7 questions to ask any AEP fronter vendor

Use these in your evaluation calls. The goal is not a yes or no · it is to listen for hesitation, vague answers, or vendor reps who route the question to someone else.

  1. Show me a redacted recording of an AEP fronter call from last season. Not a scripted demo · a real call. If they cannot produce one within 48 hours, they either do not record or do not retain.
  2. What is your fronter-to-closer transfer-to-app rate from last AEP, and how do you measure it? The answer should include a methodology (which closers, which weeks, which lead sources). A single percentage with no methodology is a marketing number.
  3. How do you train fronters on AHIP and MCMG without licensing them? Look for a documented training program, not just "our agents have done Medicare for years."
  4. Where do recordings live, and what is your retrieval SLA? Tenant ownership or vendor-side, retrieval window, retention period in years. All three answers should be specific.
  5. What happens when a fronter accidentally recommends a plan? The right answer involves QA monitoring, immediate coaching, and an escalation path. The wrong answer is "our agents do not do that."
  6. How do you flex headcount between AEP and off-season? Look for a real plan to retain top performers on adjacent campaigns (T-65, SEP, insurance). Vendors that just lay off and re-hire churn through your training every year.
  7. What does a 20-seat ramp from contract sign to live calls look like? If the answer is more than 5 weeks, you are paying for inefficiency.

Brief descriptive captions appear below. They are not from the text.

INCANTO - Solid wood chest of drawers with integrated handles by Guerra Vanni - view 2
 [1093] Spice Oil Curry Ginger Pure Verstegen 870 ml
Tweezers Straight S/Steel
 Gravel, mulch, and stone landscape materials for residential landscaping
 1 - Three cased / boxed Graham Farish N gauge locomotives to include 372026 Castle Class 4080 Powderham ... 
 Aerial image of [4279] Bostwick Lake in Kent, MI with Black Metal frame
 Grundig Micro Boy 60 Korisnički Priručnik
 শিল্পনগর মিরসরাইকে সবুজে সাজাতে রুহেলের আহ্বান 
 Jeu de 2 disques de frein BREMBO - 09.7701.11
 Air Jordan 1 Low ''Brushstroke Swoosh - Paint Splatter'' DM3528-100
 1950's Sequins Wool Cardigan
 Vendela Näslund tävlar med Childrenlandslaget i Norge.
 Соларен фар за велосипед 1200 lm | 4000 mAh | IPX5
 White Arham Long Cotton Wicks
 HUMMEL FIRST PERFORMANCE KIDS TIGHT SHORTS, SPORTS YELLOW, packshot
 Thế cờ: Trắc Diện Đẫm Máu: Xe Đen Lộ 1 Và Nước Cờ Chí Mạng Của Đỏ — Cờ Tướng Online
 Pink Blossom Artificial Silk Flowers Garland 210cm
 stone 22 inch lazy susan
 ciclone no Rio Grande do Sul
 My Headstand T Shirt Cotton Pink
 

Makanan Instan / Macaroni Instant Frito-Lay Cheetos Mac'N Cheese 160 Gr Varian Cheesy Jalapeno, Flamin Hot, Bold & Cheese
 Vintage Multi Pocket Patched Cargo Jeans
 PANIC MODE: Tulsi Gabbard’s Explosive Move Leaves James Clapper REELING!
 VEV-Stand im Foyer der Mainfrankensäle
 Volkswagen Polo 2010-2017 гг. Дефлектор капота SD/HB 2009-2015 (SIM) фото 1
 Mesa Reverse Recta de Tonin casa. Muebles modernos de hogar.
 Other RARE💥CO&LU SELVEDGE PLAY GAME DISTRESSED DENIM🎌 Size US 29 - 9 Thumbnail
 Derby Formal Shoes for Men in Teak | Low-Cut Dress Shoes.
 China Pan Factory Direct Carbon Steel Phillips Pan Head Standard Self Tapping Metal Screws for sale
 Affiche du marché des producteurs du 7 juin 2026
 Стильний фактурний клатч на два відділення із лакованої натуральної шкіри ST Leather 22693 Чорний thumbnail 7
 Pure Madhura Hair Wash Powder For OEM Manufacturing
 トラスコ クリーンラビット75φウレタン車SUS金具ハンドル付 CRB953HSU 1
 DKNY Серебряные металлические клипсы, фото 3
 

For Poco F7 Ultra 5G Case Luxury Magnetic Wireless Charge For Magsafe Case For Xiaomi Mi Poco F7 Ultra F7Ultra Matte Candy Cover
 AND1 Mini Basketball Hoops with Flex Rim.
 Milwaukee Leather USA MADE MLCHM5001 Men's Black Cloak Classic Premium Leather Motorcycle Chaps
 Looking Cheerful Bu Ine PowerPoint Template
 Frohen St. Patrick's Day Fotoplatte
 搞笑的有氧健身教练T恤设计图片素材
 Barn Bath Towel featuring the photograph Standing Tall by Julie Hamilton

If it is less than 2 weeks, you are paying for warm bodies.

Putting it together

The buyers who get the best AEP economics from a nearshore partner do four things consistently: they treat fronting as a separate operational function from closing (not a cheaper version of the same thing), they brief the vendor on plan portfolio and lead sources before training starts, they monitor a sample of calls weekly during AEP instead of waiting for a quarterly review, and they retain the vendor's top performers on adjacent campaigns so the institutional knowledge does not reset every August.

If your AEP CPA is climbing year over year and your in-house closer hours are pinned, the lever is almost always pre-qualification labor. Nearshore is not the only answer. Done well, it is the cheapest one that holds up under CMS scrutiny.